April 25, 2005 in Opinion

I-601 has no role in the real world

The Spokesman-Review
 

Initiative 601 is dead, for now. Gov. Chris Gregoire signed a bill on Monday that allowed for taxes to be raised by a majority vote for the next two years. It also changed the formula that dictated how much state spending could be increased.

The changes have sparked an outcry, but the truth is that budget writers from both parties never did live up to the spirit of the measure, which was adopted 12 years ago by voters. Instead, they used accounting tricks each year to skirt its limitations.

Critics say the Legislature ignored the will of the people by changing the initiative. But many of those same critics were not troubled when the Legislature failed to fund two voter-approved school measures – Initiatives 728 and 732. In those instances, it was OK to be pragmatic.

Pragmatism should be the guiding principle of budgeting, and I-601 wasn’t realistic. It pegged spending increases to population gains and inflation. But the state’s biggest costs are related to health care and education, which have risen much faster than the general inflation rate.

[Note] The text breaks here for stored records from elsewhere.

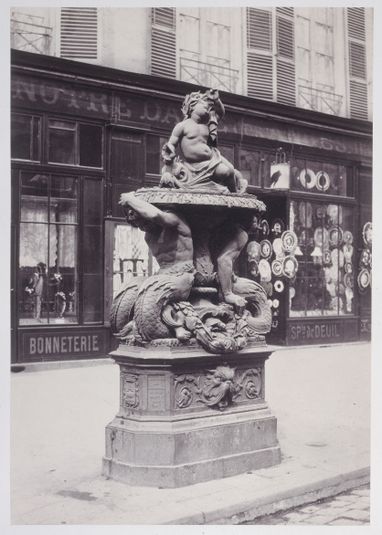 Fontaine Nº2 de la rue du Faubourg-Saint-Martin, 10ème arrondissement, Paris.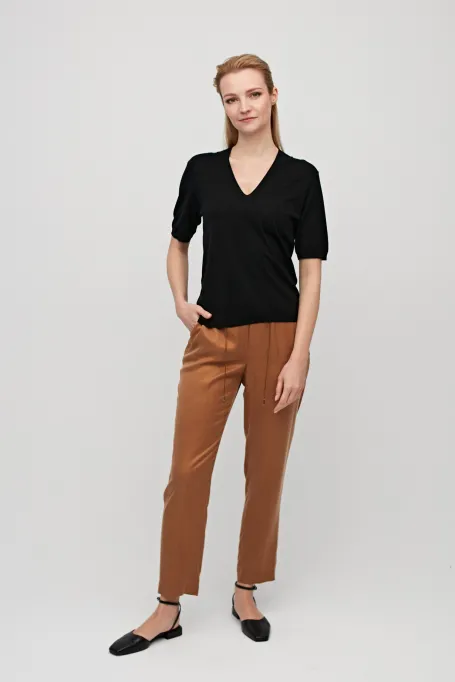 Černá vlněná blůza s výstřihem do V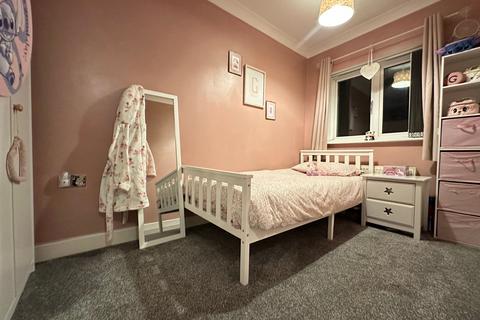 18 Galway Close, Royston, Barnsley, S71 4FR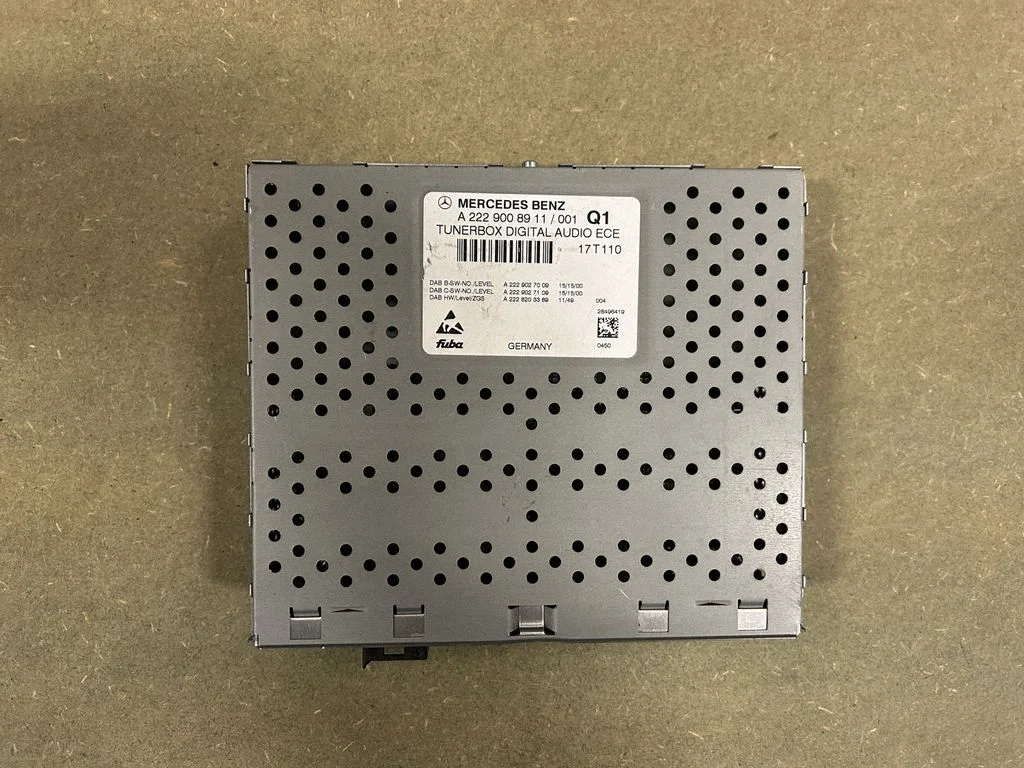 Radio/CD/DVD/GPS head unit – Mercedes-Benz S-Class W222 (2013-)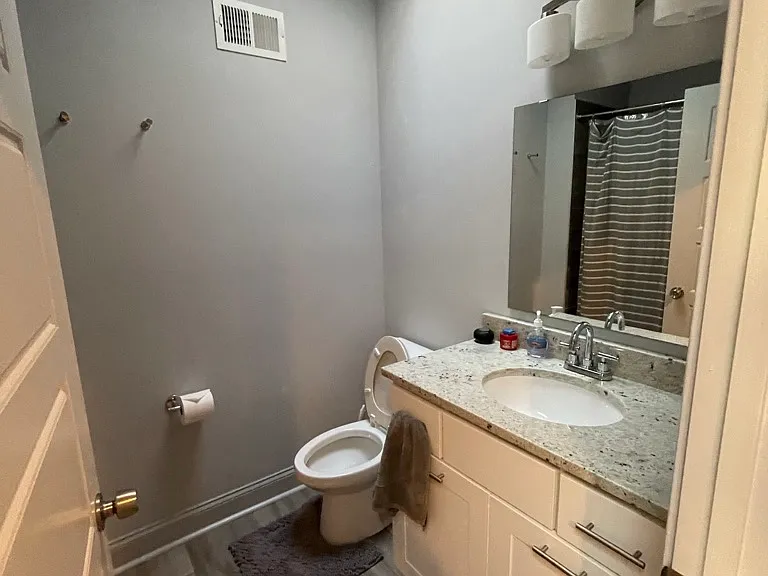 227 S East Ave — Photo 3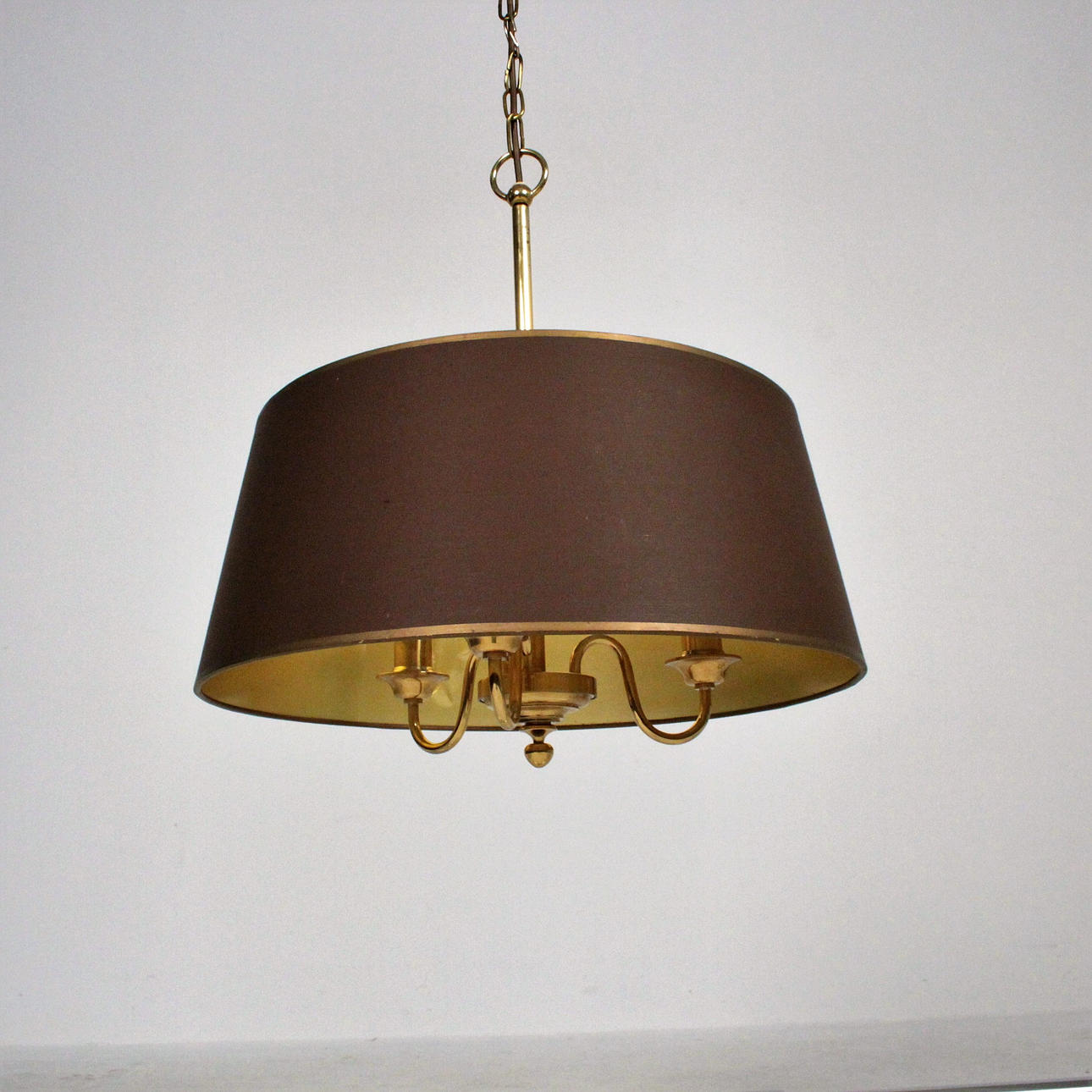 Vereinigte Werkstätten Messingleuchte 'Collection'.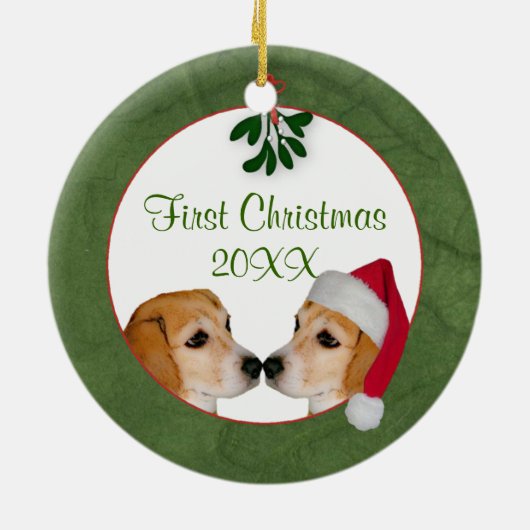 Custom Mistletoe Kiss First Christmas Ornament (Hinten)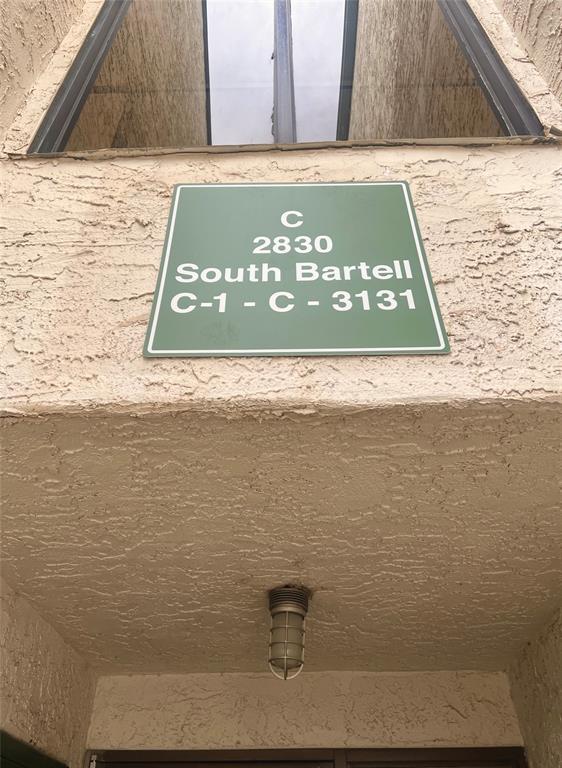 2830 S Bartell Street #210, Houston, Texas image 2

Plus, I-601 couldn’t predict federal budget cuts and new mandates, some of which are not fully funded (e.g., school accountability). The new barometer for state spending increases will be personal income growth, which averaged 5 percent a year over the past decade.

I-601 was also biased against tax increases, because it required a two-thirds majority to pass them. Meanwhile, tax cuts only had to pass by one vote. This shifted inordinate power to legislative minorities.

The upshot was that while budget writers could tap expert opinions to formulate a thoughtful budget based on the state’s priorities, their efforts were ultimately squeezed by the indiscriminate I-601 straitjacket.

Initiatives are said to reflect citizens’ wishes, but how can expensive initiatives to raise teacher pay and shrink class sizes be squared with a desire to harness taxing and spending? The fact is, citizens have contradictory desires, and most of them are not as well-informed as their representatives.

In a recent CBS News poll, 68 percent of respondents could not name a single thing Congress had done this year (Terri Schiavo, anyone?). Numbers wouldn’t likely be any more encouraging on the state level.

Politicians receive a lot of criticism, much of it deserved, but they are better informed and better positioned to make public policy decisions.

Tax hikes and spending increases are not always the best answer, and if lawmakers go too far, citizens still have recourse at the ballot box to remove them.

I-601 was just another way of saying we don’t trust our form of government, so we’ll put it on permanent probation. The measure never worked, because it was a simplistic response to a complicated process.